Our Saturday post outlined the potential for a NM rural-urban alliance forged by opposition to the conspiring forces of Wall St and Big Ag. This is an area that Retake will be exploring deeply, as we feel the divide between our rural communities and our urban centers are fueled by industries that benefit from our being divided. If you missed it, please check out the Thursday post.
What a Difference a Day Makes: Roundhouse Rocks
Tuesday, Feb 18. This post provides a clear picture of how quickly things can change in the Roundhouse’s last week. Unfortunately, as the rest of the week played out, we simply ran out of time and too many of our bills fell just one vote short of getting to the Governor.
Roundhouse Finale & Democratic Debate Review
Thursday, Feb 20. We examine what was accomplished and what still might be achieved on the last day of the session. We also look at an analysis of the Democratic Presidential Primary and the inaugural debate for Mayor “Doomberg.” He endorsed Bush at the 2009 GOP Convention, locked up tens of thousands of men of color, gentrified NYC and devastated neighborhoods of color, and now he wants to be our Dem. nominee.
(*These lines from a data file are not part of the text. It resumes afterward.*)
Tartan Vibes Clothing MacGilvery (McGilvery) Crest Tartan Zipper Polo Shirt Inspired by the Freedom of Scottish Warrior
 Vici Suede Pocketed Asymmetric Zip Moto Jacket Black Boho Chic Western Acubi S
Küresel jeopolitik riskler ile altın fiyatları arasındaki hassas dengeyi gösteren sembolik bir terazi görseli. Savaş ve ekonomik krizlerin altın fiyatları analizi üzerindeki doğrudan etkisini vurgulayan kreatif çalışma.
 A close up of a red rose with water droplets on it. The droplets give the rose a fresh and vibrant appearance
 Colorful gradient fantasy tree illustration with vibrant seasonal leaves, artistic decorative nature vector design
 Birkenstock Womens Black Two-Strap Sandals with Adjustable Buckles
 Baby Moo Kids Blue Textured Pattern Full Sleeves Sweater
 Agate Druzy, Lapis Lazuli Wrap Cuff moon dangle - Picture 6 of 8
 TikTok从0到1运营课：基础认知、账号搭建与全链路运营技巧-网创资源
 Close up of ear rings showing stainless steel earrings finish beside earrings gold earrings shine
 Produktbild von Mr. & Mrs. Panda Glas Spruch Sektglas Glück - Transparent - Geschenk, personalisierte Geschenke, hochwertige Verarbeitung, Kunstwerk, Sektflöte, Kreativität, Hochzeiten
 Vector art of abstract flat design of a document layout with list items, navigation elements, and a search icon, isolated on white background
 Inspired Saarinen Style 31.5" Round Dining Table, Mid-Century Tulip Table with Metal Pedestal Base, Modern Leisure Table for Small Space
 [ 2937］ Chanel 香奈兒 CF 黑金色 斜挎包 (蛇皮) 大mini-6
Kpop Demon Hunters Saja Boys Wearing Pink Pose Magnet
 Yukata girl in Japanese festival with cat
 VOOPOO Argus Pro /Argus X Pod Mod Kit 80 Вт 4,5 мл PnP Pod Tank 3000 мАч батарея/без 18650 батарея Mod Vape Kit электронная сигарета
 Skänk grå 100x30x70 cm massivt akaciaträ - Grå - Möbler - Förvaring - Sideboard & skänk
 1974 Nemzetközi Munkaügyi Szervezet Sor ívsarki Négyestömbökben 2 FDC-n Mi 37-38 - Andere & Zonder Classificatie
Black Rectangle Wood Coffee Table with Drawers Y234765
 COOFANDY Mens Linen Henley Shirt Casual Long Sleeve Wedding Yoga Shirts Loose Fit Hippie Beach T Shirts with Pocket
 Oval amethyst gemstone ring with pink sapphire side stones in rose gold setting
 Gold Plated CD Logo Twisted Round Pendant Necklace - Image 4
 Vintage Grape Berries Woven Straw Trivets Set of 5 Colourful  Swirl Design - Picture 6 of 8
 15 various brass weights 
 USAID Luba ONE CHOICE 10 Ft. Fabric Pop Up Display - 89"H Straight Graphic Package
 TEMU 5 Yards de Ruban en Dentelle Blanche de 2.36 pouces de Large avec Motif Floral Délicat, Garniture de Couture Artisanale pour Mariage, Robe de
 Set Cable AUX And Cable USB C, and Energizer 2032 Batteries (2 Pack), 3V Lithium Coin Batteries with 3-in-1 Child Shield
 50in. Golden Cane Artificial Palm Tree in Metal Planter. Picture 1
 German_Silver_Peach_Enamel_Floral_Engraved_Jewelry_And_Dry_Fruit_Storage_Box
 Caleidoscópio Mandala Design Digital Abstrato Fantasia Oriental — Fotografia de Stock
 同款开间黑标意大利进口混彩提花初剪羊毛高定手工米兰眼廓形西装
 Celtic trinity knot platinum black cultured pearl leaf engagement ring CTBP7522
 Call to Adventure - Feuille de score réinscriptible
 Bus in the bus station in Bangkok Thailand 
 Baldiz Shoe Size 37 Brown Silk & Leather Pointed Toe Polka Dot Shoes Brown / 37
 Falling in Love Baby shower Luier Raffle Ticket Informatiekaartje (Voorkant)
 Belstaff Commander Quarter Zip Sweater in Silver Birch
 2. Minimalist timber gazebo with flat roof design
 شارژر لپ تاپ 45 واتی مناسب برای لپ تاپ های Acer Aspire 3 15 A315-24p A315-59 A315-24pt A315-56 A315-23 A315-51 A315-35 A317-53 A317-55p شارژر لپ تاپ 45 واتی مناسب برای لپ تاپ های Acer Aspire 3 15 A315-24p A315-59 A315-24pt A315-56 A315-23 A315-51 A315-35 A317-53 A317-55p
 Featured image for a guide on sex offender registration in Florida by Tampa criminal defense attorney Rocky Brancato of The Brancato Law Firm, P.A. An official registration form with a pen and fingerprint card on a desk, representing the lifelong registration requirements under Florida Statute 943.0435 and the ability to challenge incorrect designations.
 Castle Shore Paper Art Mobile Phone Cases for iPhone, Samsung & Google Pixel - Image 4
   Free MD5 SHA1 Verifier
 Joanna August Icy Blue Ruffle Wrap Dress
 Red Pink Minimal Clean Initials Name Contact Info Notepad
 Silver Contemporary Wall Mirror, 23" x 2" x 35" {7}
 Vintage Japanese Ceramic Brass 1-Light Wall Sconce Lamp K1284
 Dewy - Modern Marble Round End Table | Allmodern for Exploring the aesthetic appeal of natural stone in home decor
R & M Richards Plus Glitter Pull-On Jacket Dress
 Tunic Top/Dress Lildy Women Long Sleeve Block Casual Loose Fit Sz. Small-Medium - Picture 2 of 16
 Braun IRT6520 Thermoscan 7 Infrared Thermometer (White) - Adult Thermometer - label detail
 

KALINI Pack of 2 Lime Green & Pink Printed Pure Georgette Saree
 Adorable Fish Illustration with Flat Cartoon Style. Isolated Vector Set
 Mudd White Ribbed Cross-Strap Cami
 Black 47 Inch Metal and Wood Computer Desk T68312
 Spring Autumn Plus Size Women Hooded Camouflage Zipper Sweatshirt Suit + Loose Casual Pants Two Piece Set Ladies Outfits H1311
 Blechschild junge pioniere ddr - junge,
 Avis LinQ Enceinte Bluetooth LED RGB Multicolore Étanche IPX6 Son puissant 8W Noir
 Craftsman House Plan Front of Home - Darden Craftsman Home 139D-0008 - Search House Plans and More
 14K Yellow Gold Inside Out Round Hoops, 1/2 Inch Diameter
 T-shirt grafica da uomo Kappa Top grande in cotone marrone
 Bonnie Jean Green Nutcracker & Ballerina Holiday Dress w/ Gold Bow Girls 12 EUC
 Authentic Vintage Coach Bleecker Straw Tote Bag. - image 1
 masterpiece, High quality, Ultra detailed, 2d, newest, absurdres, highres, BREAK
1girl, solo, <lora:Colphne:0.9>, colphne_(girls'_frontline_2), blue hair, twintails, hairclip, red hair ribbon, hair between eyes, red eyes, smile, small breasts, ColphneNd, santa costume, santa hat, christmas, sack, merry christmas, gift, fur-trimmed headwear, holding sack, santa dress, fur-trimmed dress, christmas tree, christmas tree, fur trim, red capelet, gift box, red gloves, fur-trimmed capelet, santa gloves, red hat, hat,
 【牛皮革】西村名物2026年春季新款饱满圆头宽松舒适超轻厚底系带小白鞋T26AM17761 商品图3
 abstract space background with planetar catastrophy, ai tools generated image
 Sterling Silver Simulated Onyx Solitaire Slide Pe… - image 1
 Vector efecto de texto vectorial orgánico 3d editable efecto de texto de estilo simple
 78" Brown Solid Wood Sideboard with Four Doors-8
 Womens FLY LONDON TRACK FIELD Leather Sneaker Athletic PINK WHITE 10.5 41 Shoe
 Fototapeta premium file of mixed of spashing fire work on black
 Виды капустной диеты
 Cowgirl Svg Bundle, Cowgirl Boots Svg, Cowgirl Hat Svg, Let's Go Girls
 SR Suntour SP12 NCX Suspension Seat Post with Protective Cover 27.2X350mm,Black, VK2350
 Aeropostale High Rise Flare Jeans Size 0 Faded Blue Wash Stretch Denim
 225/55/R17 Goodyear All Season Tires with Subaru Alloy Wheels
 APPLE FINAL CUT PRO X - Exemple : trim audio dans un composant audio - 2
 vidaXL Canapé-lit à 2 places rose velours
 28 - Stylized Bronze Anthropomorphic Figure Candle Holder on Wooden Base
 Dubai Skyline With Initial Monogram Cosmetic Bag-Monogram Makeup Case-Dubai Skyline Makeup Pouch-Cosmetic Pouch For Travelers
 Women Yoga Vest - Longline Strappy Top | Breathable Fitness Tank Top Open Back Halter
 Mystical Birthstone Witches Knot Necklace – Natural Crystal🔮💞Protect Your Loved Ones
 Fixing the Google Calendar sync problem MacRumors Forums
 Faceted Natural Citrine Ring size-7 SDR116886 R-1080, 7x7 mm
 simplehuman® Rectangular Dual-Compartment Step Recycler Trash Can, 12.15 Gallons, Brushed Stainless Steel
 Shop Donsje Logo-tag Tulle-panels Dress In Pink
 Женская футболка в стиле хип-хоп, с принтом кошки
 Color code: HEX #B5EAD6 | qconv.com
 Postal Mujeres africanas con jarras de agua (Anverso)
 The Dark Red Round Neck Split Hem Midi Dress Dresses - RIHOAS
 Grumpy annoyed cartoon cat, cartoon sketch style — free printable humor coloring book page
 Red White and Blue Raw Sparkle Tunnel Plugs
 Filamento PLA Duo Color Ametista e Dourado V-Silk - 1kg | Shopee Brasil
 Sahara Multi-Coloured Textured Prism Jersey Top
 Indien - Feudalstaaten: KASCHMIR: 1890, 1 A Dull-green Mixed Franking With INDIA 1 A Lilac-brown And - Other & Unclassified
Rural Farmers Exploited by Trump, Big Ag & Wall St: Potential Opening for a Broad Coalition
Small farmers are bearing the brunt of the tariff war while being exploited by agribusiness consolidation & predatory lending rates from Wall St. bankers. They voted for Trump when he promised to take care them, but he has failed them. In NM, much is said about the rural-urban divide, but it just may be that there is common ground to be found here in NM and nationally, as this post explores.